The focus of this study is to assess the reaction rate-based kinetics of three NiO-based oxygen transfer materials (OTMs) supported on ZrO₂, Al₂O₃ and SiO₂ under CH₄ reduction. Both NiO weight change data and gaseous phase composition from TGA-MS tests are utilized for the elucidation of the reaction scheme. We show that mainly CH₄, as well as CO and H₂ (primary NiO reduction products by CH₄), are involved in the reduction process under a varying extent that depends on the support used. The developed kinetic model is first order dependent on the concentration of the main reductant at each reaction and a function of the NiO/Ni concentration. On ZrO₂, NiO is exclusively reduced by CH₄ via both total and partial oxidation. On the other hand, in addition to CH₄, CO and H₂ also contribute to NiO reduction on Al₂O₃ and SiO₂. Still, total and partial CH₄ oxidation are the dominant routes. In the case of SiO₂ in particular, the reduction rate of NiO by CO and H₂ is the highest among all OTMs. The CH₄ decomposition reaction, catalyzed by the metallic nickel sites, also takes place via the Langmuir-Hinshelwood mechanism after the completion of the NiO reduction. The rate of this reaction correlates with the surface area of the materials due to the higher population of active metallic nickel sites on the surface, leading to carbon deposition in the order NiO/Al₂O₃ > NiO/SiO₂ > NiO/ZrO₂.
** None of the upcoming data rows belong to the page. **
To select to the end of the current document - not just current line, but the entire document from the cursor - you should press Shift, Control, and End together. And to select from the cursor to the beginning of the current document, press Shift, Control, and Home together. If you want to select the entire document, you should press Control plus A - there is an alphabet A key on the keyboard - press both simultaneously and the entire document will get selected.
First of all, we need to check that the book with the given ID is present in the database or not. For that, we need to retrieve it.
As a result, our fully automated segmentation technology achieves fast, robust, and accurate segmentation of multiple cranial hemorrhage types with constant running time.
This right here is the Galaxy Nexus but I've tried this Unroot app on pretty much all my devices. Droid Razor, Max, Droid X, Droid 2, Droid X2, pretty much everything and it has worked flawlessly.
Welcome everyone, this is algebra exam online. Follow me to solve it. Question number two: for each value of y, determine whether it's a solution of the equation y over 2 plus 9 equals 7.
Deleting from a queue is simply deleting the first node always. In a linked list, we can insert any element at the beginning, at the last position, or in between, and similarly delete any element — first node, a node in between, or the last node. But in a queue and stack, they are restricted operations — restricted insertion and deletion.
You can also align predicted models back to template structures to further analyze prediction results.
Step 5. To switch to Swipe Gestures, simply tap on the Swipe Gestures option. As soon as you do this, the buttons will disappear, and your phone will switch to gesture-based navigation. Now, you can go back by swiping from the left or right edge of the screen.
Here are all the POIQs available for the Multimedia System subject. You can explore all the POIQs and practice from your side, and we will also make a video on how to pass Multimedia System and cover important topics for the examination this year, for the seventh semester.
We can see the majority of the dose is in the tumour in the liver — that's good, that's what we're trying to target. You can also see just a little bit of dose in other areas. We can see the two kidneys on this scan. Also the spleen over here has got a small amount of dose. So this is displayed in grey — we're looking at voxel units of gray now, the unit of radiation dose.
这项研究的重点是评估在CH ₄还原下负载在ZrO ₂，Al ₂ O ₃和SiO ₂上的三种基于NiO的氧转移材料（OTM）的基于反应速率的动力学。来自TGA-MS测试的NiO重量变化数据和气相组成均用于阐明反应方案。我们发现主要是CH ₄以及CO和H ₂（通过CH ₄还原的主要NiO还原产物）在不同程度上取决于所使用的支持物而参与还原过程。建立的动力学模型是一阶的，取决于每个反应中主还原剂的浓度以及NiO / Ni浓度的函数。在ZrO _2上，NiO仅通过全部和部分氧化被CH ₄还原。另一方面，除了CH _4之外，CO和H ₂还有助于在Al ₂ O ₃和SiO ₂上还原NiO 。尽管如此，全部和部分CH ₄氧化仍是主要途径。特别是在SiO ₂的情况下，CO和H ₂对NiO的还原率是所有OTM中最高的。NiO还原完成后，通过金属镍位点催化的CH ₄分解反应也通过Langmuir-Hinshelwood机理发生。由于表面上活性金属镍位的数量增加，该反应的速率与材料的表面积相关，从而导致碳沉积的顺序为NiO / Al ₂ O ₃ > NiO / SiO ₂ > NiO / ZrO ₂。